St. Raphael of Brooklyn
Born in Beirut, Lebanon, and educated in Damascus Syria, Halki, Turkey, and Kiev, Russia, Raphael Hawaweeny found himself virtually exiled in Kazan, Russia, making himself of use on the faculty of the Anti-Muslim Missionary School, when he was summoned to the New World by the Syrian Orthodox Benevolent Committee in New York City.

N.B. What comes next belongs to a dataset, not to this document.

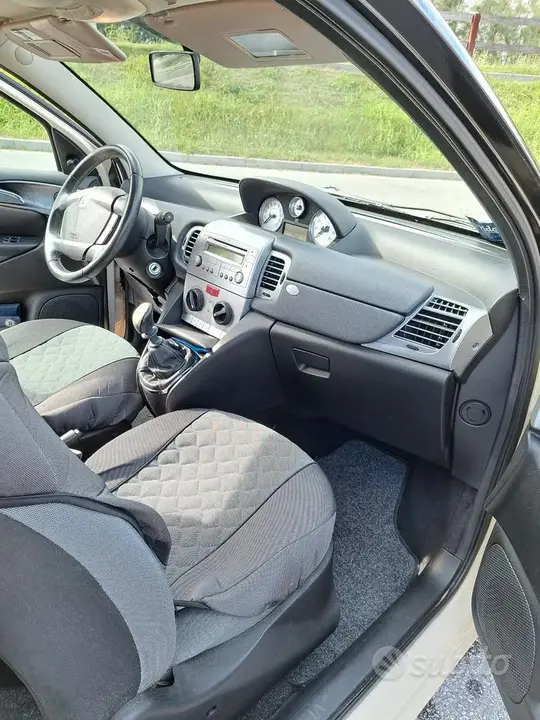 Lancia Ypsilon 2006 photo 5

Immigrating in 1895 and serving under the aegis of the Russian Orthodox Mission -- then the only established Orthodox hierarchy -- he was technically pastor of St. Nicholas Church (later Cathedral) in Brooklyn, NY, but was, in fact, the roving pastor of several dozen tiny, isolated communities spread thinly across the continent. As a priest he crossed the continent repeatedly in the course of nine years, and did so several more after being consecrated Bishop of Brooklyn -- the first such Orthodox consecration in North America -- in 1905.
He established a journal, al-Kalimat, to spread "the Word" to places he could not himself be, and worked diligently at translating Greek liturgical books into Arabic. These he distributed at his own expense to communities throughout the Middle East and to émigrés in the Americas, Africa, and Australasia, greatly helped preserve Orthodox Christianity in those regions.